1966年、日本武道館で行われたビートルズの伝説的な来日公演から50年。日本中が“生ビートルズ”に震えたあのとき、その舞台裏では何があったのか。4人と接した人々へのインタビューからひもといていくのが「ビートルズ来日学」(ディスクユニオン刊)。あのコンサートを実体験した人も、そうでない人も必読の書だ。
著者はビートルズ論で世界的にも評価される音楽評論家、宮永正隆氏。「レコード・コレクターズ」の人気連載が待望の書籍化だ。
ビートルズの4人が、ハンブルクから日航機に乗り込んだ瞬間から、彼らに接した日本人に、当時の様子や来日にまつわるドラマを聞き出していくインタビュー集となっている。本書で初めて明らかになった事実も多く含まれている。
4人が乗ったJALの客室乗務員、ライブを放送した日本テレビ局員、宿泊した東京ヒルトンホテル(現ザ・キャピトルホテル東急)従業員…。

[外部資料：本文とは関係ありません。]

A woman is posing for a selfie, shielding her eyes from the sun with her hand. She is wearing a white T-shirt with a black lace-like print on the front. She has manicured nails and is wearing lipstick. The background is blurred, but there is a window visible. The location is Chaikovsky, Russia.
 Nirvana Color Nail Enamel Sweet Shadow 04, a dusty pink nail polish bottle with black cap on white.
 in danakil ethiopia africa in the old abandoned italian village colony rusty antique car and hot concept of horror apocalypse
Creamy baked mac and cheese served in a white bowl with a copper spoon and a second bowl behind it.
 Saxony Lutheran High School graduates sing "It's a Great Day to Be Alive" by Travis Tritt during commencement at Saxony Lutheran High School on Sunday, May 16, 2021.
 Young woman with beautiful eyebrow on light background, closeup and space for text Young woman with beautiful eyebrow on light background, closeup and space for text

よくここまでの顔ぶれにインタビューを敢行したものだと感心するが、4人が機内で頼んだドリンクから、ジョンとポールのホテルからの脱出方法、彼らが購入した日本のお土産まで、ファンならずとも興味深いエピソードにあふれている。
そして、そこから見えてくるのは、やはり4人の日本、日本人への関心の高さだろう。それは、その後、日本の芸術家であるオノ・ヨーコとジョンが結婚することを思えば、さもありなんなのである。
当時の週刊誌のカメラマンだった佐々木恵子氏による、貴重な写真が多数掲載されているのも大きな魅力だ。知っておきたい歴史がそこにある。